Bishop Blair pointed out that "Beginning in Rerum Novarum, the church has consistently supported efforts of workers to join together to defend their rights and protect their dignity. Pope Leo XIII taught that the right of workers to choose to join a union was based on a natural right and that it was the government's obligation to protect that right rather than undermine it (Rerum Novarum, 51)."

This teaching, Bishop Blair noted, has been affirmed consistently by Leo XIII's successors.
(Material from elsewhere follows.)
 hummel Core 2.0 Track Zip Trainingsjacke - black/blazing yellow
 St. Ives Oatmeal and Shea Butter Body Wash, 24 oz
Thus, Pope John Paul II, in his encyclical 1981 Laborem Exercens ("On Doing Work") declared that unions "are an indispensable element of social life, especially in modern industrial-ized societies (No. 20)."

More recently still, Pope Benedict XVI, in his 2009 encyclical Caritas in Veritate ("Charity in Truth"), insisted that "The repeated calls issued within the church's social doctrine, beginning with Rerum Novarum, for the promotion of workers' associations that can defend their rights must therefore be honored today even more than in the past" (No. 25).

Perhaps these papal teachings can be written off as naive, as one of my correspondents did in effect, but then papal teachings on human sexuality and reproduction can similarly be dismissed.

Bishop Blair stumbled, in good faith to be sure, when he insisted that "Bishops in Wisconsin, Ohio and elsewhere have faithfully and carefully outlined Catholic teaching on worker rights, suggesting that difficult times should not lead us to ignore the legitimate rights of workers."

Over against Walker and his supporters, Bishop Blair wrote that "the church affirms the rights of workers in public and private employment to choose to come together to form and join unions, to bargain collectively and to have an effective voice in the workplace" (my italics).

The bishops of Wisconsin, speaking through the archbishop of Milwaukee, Jerome Listeki, were never so specific as Bishop Blair has been. And I am not aware of any statement by the Ohio bishops that was critical of Gov. John Kasich and the Republican legislature, both of which denied collective bargaining rights to public service employees.

On the other hand, Bishop Blair's Labor Day statement is not completely one-sided in favor of labor unions. He makes clear that "This does not mean every outcome of bargaining is responsible or that all actions of particular unions — or for that matter employers — merit support. Unions, like other human institutions, can be misused or can abuse their role."

He even concedes that "unions in some places have taken public positions that the church cannot support, that many union members may not support and that have little to do with work or workers' rights." However, he does not give any examples.

At the same time, Bishop Blair continues, "The teaching that workers have the right to choose freely to form and belong to unions and other associations without interference or intimidation is strong and consistent."

This is a fine statement, even though it doesn't touch upon the principle of sacramentality and the church's obligation to practice what it preaches. Would that all the bishops in the conference could sign on to it, especially the parts that were highlighted in this week's column.